First Cow Parent Guide
If you're not in the mood for a slow-paced art film, however beautifully shot it might be, you're going to lose your mind waiting for something to happen.
Parent Movie Review
Cookie (John Magaro) and King-Lu (Orion Lee) met under unusual circumstances – namely, with Cookie finding King-Lu stumbling naked through the woods to avoid some murderous Russians. Briefly separated, the two soon find one another again in the nearby fort. Hard up for cash, and without conventional employment opportunities on the frontier, the friends hatch a plan: a rich local, Chief Factor (Toby Jones), has bought the first cow in the area. If Cookie and King-Lu can steal the cow’s milk in the night, before the morning milking, they can get some of the only baked goods in the area to market. But only if they don’t get caught…
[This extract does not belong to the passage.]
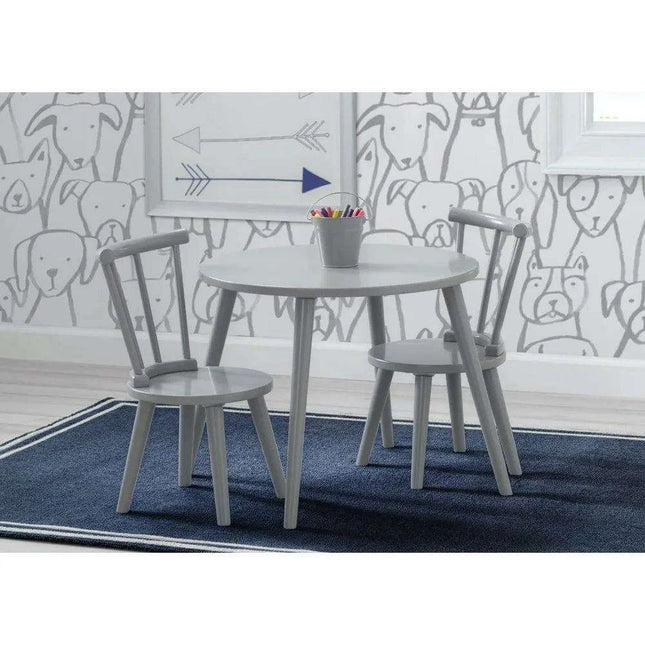 Kids' Artistic Play Wooden Table and Chair Set - Safe Certified Modern Grey Design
The first half of the movie is, I would guess, around 80% beautiful shots of tired-looking men foraging in the woods. Now, as that kind of thing goes, it’s very well done, and with the soothing soundtrack it makes for very peaceful viewing. The upside to this is that the relationship between the two main characters develops slowly and naturally, which pays off in the rest of the movie. The downside is that remarkably little happens in that first hour, and if you’re not in the mood for a slow-paced art film, you’re going to lose your mind waiting for anything to happen.
Perhaps describing First Cow as slow-paced is unfair. If anything, the film is thoughtful and careful. It rushes nothing, allowing the plot to unfold in its own time. While this does mean it can feel slow, it also means that it feels richer. The cinematography is given the time to explore the area, making the wild frontier of Oregon a little more familiar. This also gives it a more historically authentic atmosphere – even though the dialogue is a touch too modern, the setting is thoughtful and lived-in, rather than the usual modern trend of treating the past as horrific and dirty. In First Cow, it’s cozy and dirty. Much improved.
With that said, I think you can imagine how well this would go over with younger audiences. The film is largely appropriate for older kids and teens, with a very mild PG-13 rating, but I doubt that most kids are going to be too thrilled to sit through the long nature scenes just to get to a couple of friends stealing milk in the middle of the night. I think it’s a good fit for the right adult audience, one which is prepared to wait and keep waiting for a touching story about life on the fringes, friendship, and the wonders of fried dough.Directed by Kelly Reichardt. Starring John Magaro, Oeion Lee, and René Auberjonois. Running time: 121 minutes. Theatrical release March 6, 2020. Updated October 2, 2020
Watch the trailer for First Cow
Rating & Content Info
Why is First Cow rated PG-13? First Cow is rated PG-13 by the MPAA for brief strong language.
Violence: A man is punched in the face in the course of a barfight. An individual falls and injures their head.
Sexual Content: A man is shown naked, although little beyond his back and shoulders is seen. There is a moment of brief buttock nudity.
Profanity: There is one use of scatological profanity, and occasional uses of mild curses and terms of deity.
Alcohol / Drug Use: Individuals are shown drinking alcohol.
Page last updated October 2, 2020
First Cow Parents' Guide
Fort Tillicum represents the frontier of American expansion westward. What parts of this depiction are accurate? Which parts are not? There are many First Nations people living in and around the Fort – what are their experiences like in the film? Are those mirrored by reality? What was the cost of westward expansion in North America? The film is set in 1820: how is this part of Oregon going to change in the next fifty years?